Madam Mim has a deck of $52$ cards, stacked in a pile with their backs facing up. Mim separates the small pile consisting of the seven cards on the top of the deck, turns it upside down, and places it at the bottom of the deck. All cards are again in one pile, but not all of them face down; the seven cards at the bottom do, in fact, face up. Mim repeats this move until all cards have their backs facing up again.
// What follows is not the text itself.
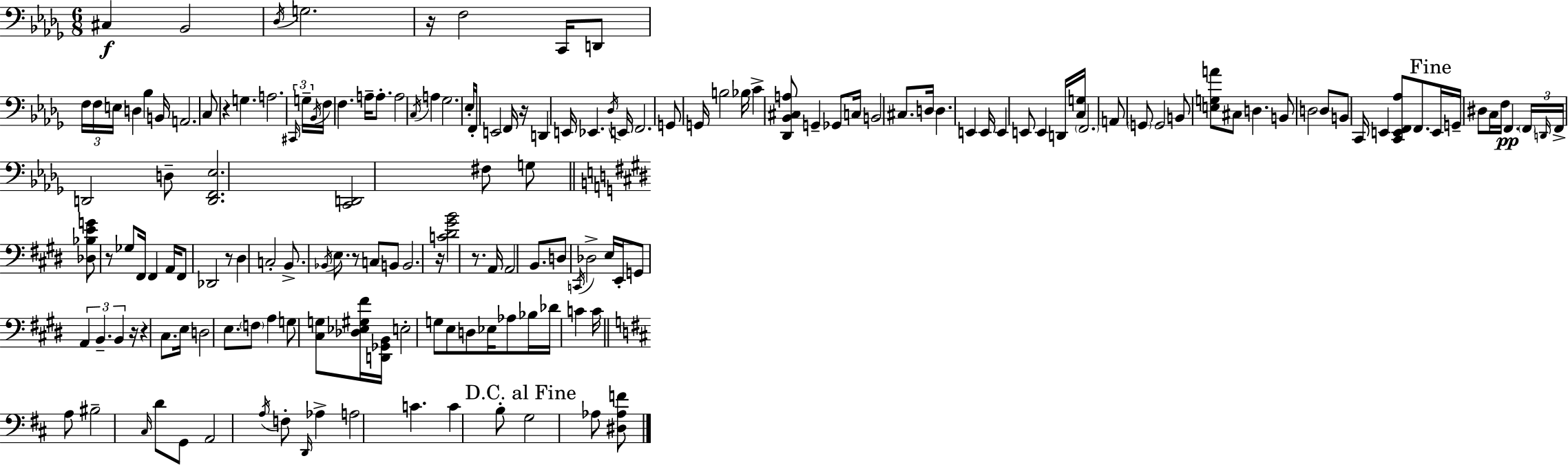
C#3/q Bb2/h Db3/s G3/h. R/s F3/h C2/s D2/e F3/s F3/s E3/s D3/q Bb3/q B2/s A2/h. C3/e R/q G3/q. A3/h. C#2/s G3/s Bb2/s F3/s F3/q. A3/s A3/e. A3/h C3/s A3/q Gb3/h. Eb3/s F2/s E2/h F2/s R/s D2/q E2/s Eb2/q. Db3/s E2/s F2/h. G2/e G2/s B3/h Bb3/s C4/q [Db2,Bb2,C#3,A3]/e G2/q Gb2/e C3/s B2/h C#3/e. D3/s D3/q. E2/q E2/s E2/q E2/e E2/q D2/s [C3,G3]/s F2/h. A2/e G2/e G2/h B2/e [E3,G3,A4]/e C#3/e D3/q. B2/e D3/h D3/e B2/e C2/s E2/q [C2,E2,F2,Ab3]/e F2/e. E2/s G2/s D#3/e C3/s F3/s F2/q. F2/s D2/s F2/s D2/h D3/e [D2,F2,Eb3]/h. [C2,D2]/h F#3/e G3/e [Db3,Bb3,E4,G4]/e R/e Gb3/e F#2/s F#2/q A2/s F#2/e Db2/h R/e D#3/q C3/h B2/e. Bb2/s E3/e. R/e C3/e B2/e B2/h. R/s [C4,D#4,G#4,B4]/h R/e. A2/s A2/h B2/e. D3/e C2/s Db3/h E3/s E2/s G2/e A2/q B2/q. B2/q R/s R/q C#3/e. E3/s D3/h E3/e. F3/e A3/q G3/e [C#3,G3]/e [Db3,Eb3,G#3,F#4]/s [D2,Gb2,B2]/s E3/h G3/e E3/e D3/e Eb3/s Ab3/e Bb3/s Db4/s C4/q C4/s A3/e BIS3/h C#3/s D4/e G2/e A2/h A3/s F3/e D2/s Ab3/q A3/h C4/q. C4/q B3/e G3/h Ab3/e [D#3,Ab3,F4]/e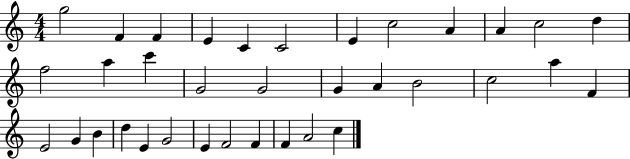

In total, how many moves did Mim make $?$
Problem
Source:
Tags: combinatorics, number theory
babu2001
06.05.2017 22:34
I think the problem asks for minimum number of moves, if so, I think the answer is $89\equiv -7^{-1}\pmod {52}$.
FedeX333X
07.05.2017 22:23
babu2001 wrote: I think the problem asks for minimum number of moves, if so, I think the answer is $89\equiv -7^{-1}\pmod {52}$. No, the right answer is 112.
khbghvb
08.12.2017 10:04
Are you sure about 112???
khbghvb
08.12.2017 10:05
Cause mine is more...
ironpanther29
17.08.2018 03:55
@above: Be nice!
FedeX333X
01.09.2018 17:04
khbghvb wrote: Are you sure about 112??? Yup, the official solution confirms that
tas
21.02.2020 10:55
The answer is 112
In 3434 ~ 3 (7 * 4, 8 * 3), 52 cards are divided into groups A and B. Each group A contains 4 cards and each group B contains 3 cards. Each operation flips a set of B and a set of A, and the relative positions of AB are ordered. It takes 14 turns to flip all A's and 16 turns to flip all B's. Total [14,16] = 112 times.